Cet esprit progressif est beaucoup plus prononcé dans la théorie physiologique de Bichat, aujourd'hui généralement admise, quoiqu'elle présente aussi, en réalité, le caractère essentiel des conceptions métaphysiques, c'est-à-dire l'emploi des entités. La nature de ces entités s'y trouve, en effet, notablement perfectionnée, et tend bien davantage à rapprocher la science de l'état pleinement positif, puisqu'un siége déterminé et visible leur est nécessairement imposé, au lieu du siége éminemment vague et mystérieux des entités imaginées par Stahl et même par Barthez. Mais, quelque réel et important que soit un tel progrès pour accélérer la transition finale de la biologie dynamique vers son entière positivité, on ne peut véritablement y voir qu'une dernière transformation de la physiologie métaphysique, telle que Stahl l'avait formulée. Car, en examinant le rôle que Bichat prescrit à ses diverses forces vitales, il est clair qu'elles interviennent dans les phénomènes à la manière des anciennes entités spécifiques introduites en physique et en chimie, pendant la période métaphysique de ces deux sciences fondamentales, sous le nom de facultés ou vertus occultes, que Descartes a si énergiquement poursuivies, et que Molière a si heureusement ridiculisées.

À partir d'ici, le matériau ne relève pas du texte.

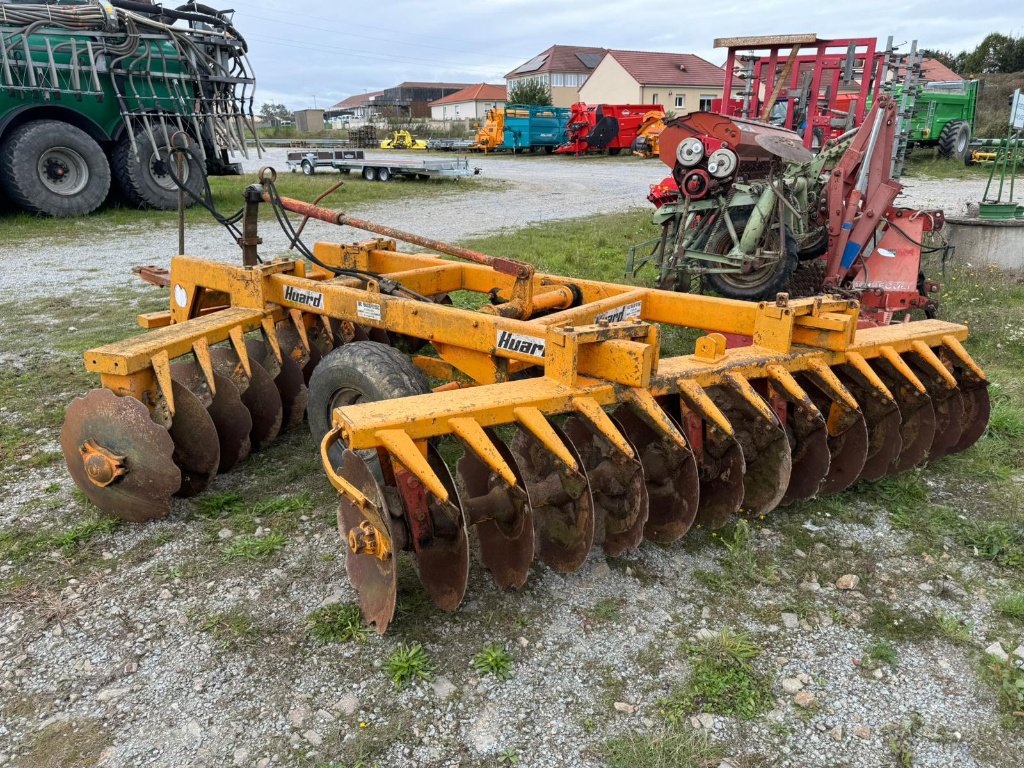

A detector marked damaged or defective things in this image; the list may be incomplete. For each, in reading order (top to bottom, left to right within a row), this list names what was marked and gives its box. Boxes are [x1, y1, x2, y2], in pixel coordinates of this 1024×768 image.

Un tel caractère est surtout irrécusable à l'égard de cette prétendue sensibilité organique, vraiment réduite, par sa définition inintelligible et contradictoire, à une simple existence nominale, et dont les affections diverses paraissent néanmoins suffire à Bichat pour expliquer les phénomènes physiologiques, tandis qu'on ne fait ainsi que reproduire leur énoncé sous une forme abusivement abstraite: comme, par exemple, quand Bichat croit avoir rendu raison du passage successif de divers liquides dans un même canal excréteur, en se bornant à dire que la sensibilité organique de ce conduit est successivement en harmonie avec chacun d'eux et antipathique à tous les autres.

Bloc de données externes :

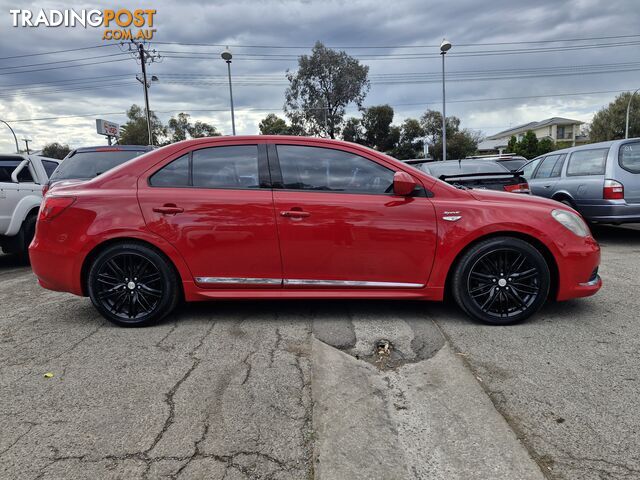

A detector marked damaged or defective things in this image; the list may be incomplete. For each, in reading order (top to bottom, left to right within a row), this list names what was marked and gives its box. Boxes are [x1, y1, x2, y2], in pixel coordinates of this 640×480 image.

On peut néanmoins conjecturer, d'une manière très plausible, que si une mort, à jamais déplorable, n'avait point brusquement tranché le développement original de la théorie de Bichat, cet admirable génie, qui naissait en un temps suffisamment opportun, serait parvenu, par ses efforts spontanés, à rompre entièrement les entraves métaphysiques que son éducation lui imposait, et dont il venait déjà d'atténuer aussi utilement la prépondérance. Chacun reconnaîtra aisément, en effet, que, sous cet aspect fondamental, le grand Traité de l'Anatomie générale, quoique postérieur de bien peu d'années, est en progrès notable sur le Traité de la vie et de la mort. Dans la construction même de sa théorie métaphysique des forces vitales, Bichat a certainement introduit, le premier, sous le titre de propriétés de tissu, une considération capitale, évidemment destinée, par son extension graduelle, à absorber inévitablement toutes les conceptions ontologiques, et à préparer ainsi l'entière positivité des principales notions élémentaires de la physiologie. Car, l'opération philosophique se réduit ici essentiellement à substituer aux anciennes idées de forces de simples idées de propriétés, en consacrant ce terme à la seule acception positive de désigner les actes les plus généraux dans lesquels puissent être décomposés les divers phénomènes biologiques. Or, la création de Bichat sur les propriétés de tissu remplissait cette condition fondamentale envers une classe d'effets très étendue quoique partielle. C'est ainsi que la théorie de Bichat, en même temps qu'elle amendait très heureusement la doctrine métaphysique de Stahl et de Barthez, préparait d'ailleurs les voies directes de son entière réformation, en présentant le germe immédiat et même l'exemple caractéristique de conceptions purement positives. Tel est l'état précis dans lequel se trouve encore aujourd'hui la philosophie physiologique chez la plupart des esprits qui s'y livrent. La lutte générale entre la tendance métaphysique et la tendance physico-chimique, entre l'école de Stahl et celle de Boerrhave, en est essentiellement demeurée au point où la grande impulsion de Bichat l'avait amenée.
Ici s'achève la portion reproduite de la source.